Octubre. Vuelven las temperaturas otoñales, vuelven los días más cortos y las noches más largas. Vuelve la rutina. Y entre todo lo que vuelve, la reciente vuelta al cole adquiere un especial protagonismo. Y qué mejor momento que octubre para comenzar un blog dedicado a la educación.

Hola a todos. Desde que comencé a ir al colegio, a segundo de párvulos, con la señorita Rosi, por mi vida han pasado innumerables maestros y profesores. Unos buenos, otros no tanto. Pero todos dejan de una u otra manera su huella. Y es que, a pesar de estar formada como docente, con lo que más he aprendido a cómo enseñar es así: siendo alumna. Una eterna alumna que nunca se cansa de aprender, pero que cada vez lo hace con la mirada más crítica, tanto al contenido como a la forma de transmitirlo.

La docencia en España es una profesión para valientes. Desde toda la vida, la figura del maestro no ha dejado indiferente a nadie. Adorado en algunas ocasiones. Odiado y perseguido en otras. Y formando parte de la vida de tantas y tantas personas, que no se libra de salir en las conversaciones de las largas sobremesas de fin de semana. Yo creo que la forma en la que miramos a nuestros profesores cambia con la edad. Cuando somos pequeños, la seño es la reina de la clase. Según vamos creciendo, nos alejamos de nuestros educadores, hasta llegar, en algunos casos, a un desentendimiento completo, aunque luego el tiempo acabe quitándonos la razón. Luego, algunos se vuelven papás y mamás, y todo vuelve a empezar, aunque desde una perspectiva algo distinta.

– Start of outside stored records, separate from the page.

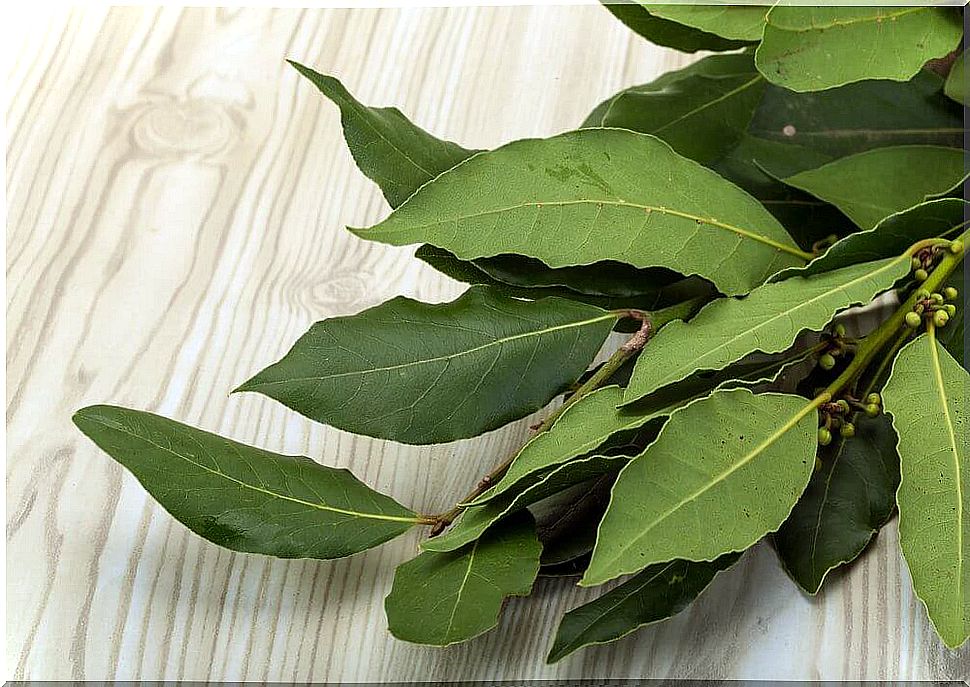 laurel to make muscle relaxants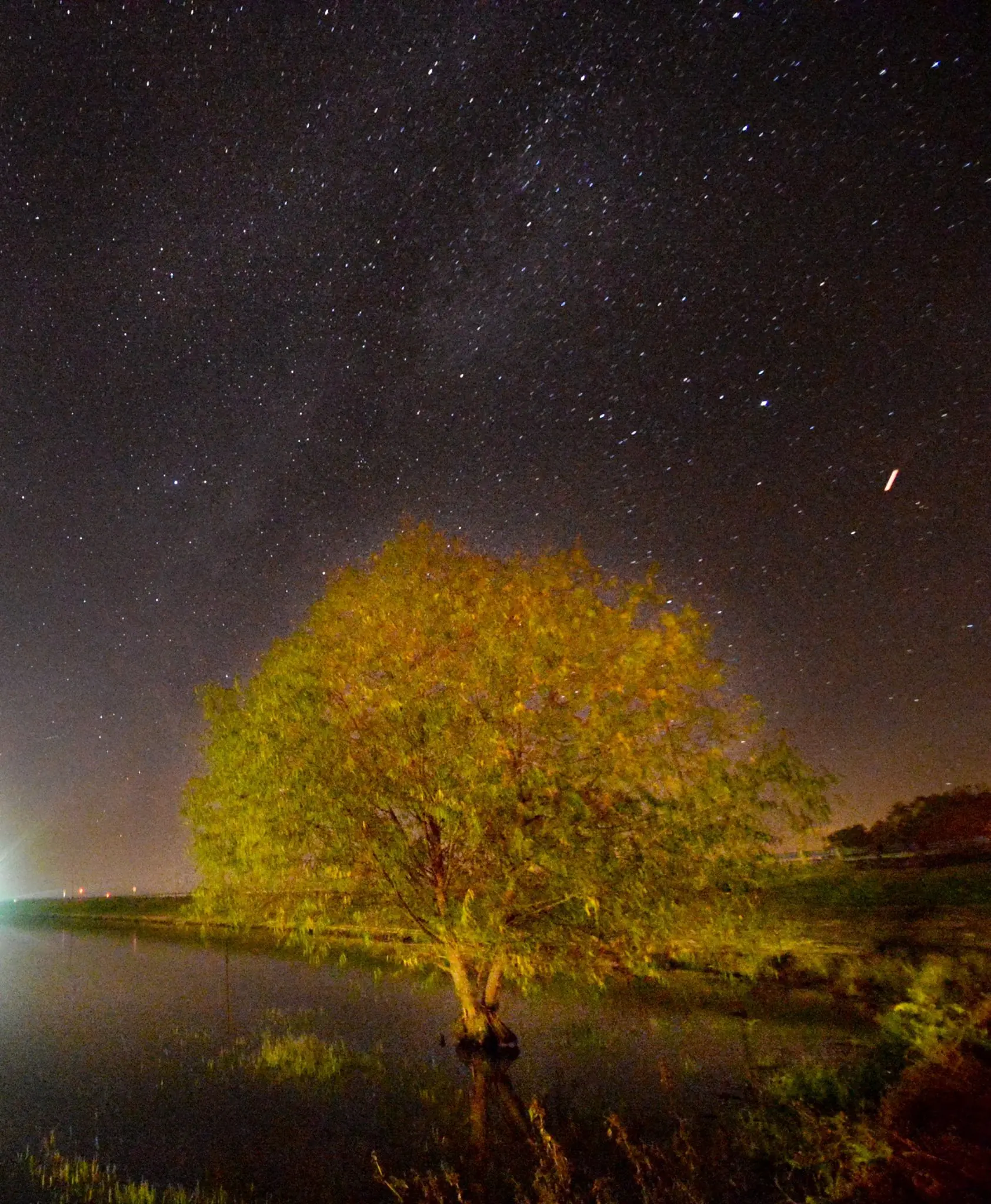 Photograph from the Facebook post “Just a tree...”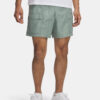 Men's shorts Under Armour UA Icon Volley Cargo Shorts - Men's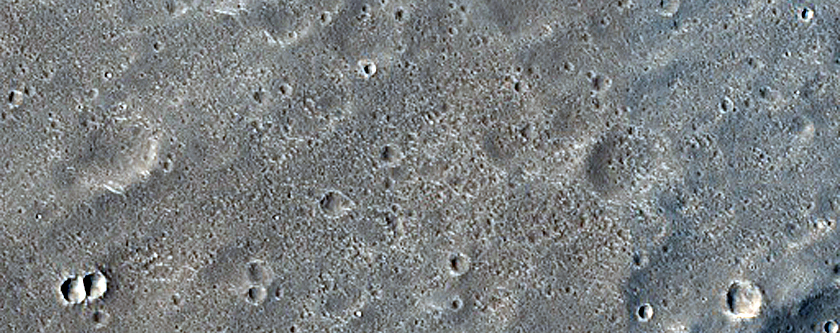 Nepenthes Planum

A lo largo de las semanas y los meses vamos a hablar de todo lo que concierne a la enseñanza, desde los puntos de vista más variados, algunos de actualidad, otros ya olvidados. Unas veces con una mirada algo nostálgica, y otras veces desde un panorama más crítico. Todo con el fin de aproximarnos a algo tan nuestro como es la educación

A si que, tomen asiento y abran sus libros por el tema uno. Empezamos la clase.

Espero que les guste.

 

* Con estas palabras retomó Fray Luis de León sus clases en la Universidad de Salamanca, tras haber permanecido en prisión durante cinco años, procesado por la Inquisición.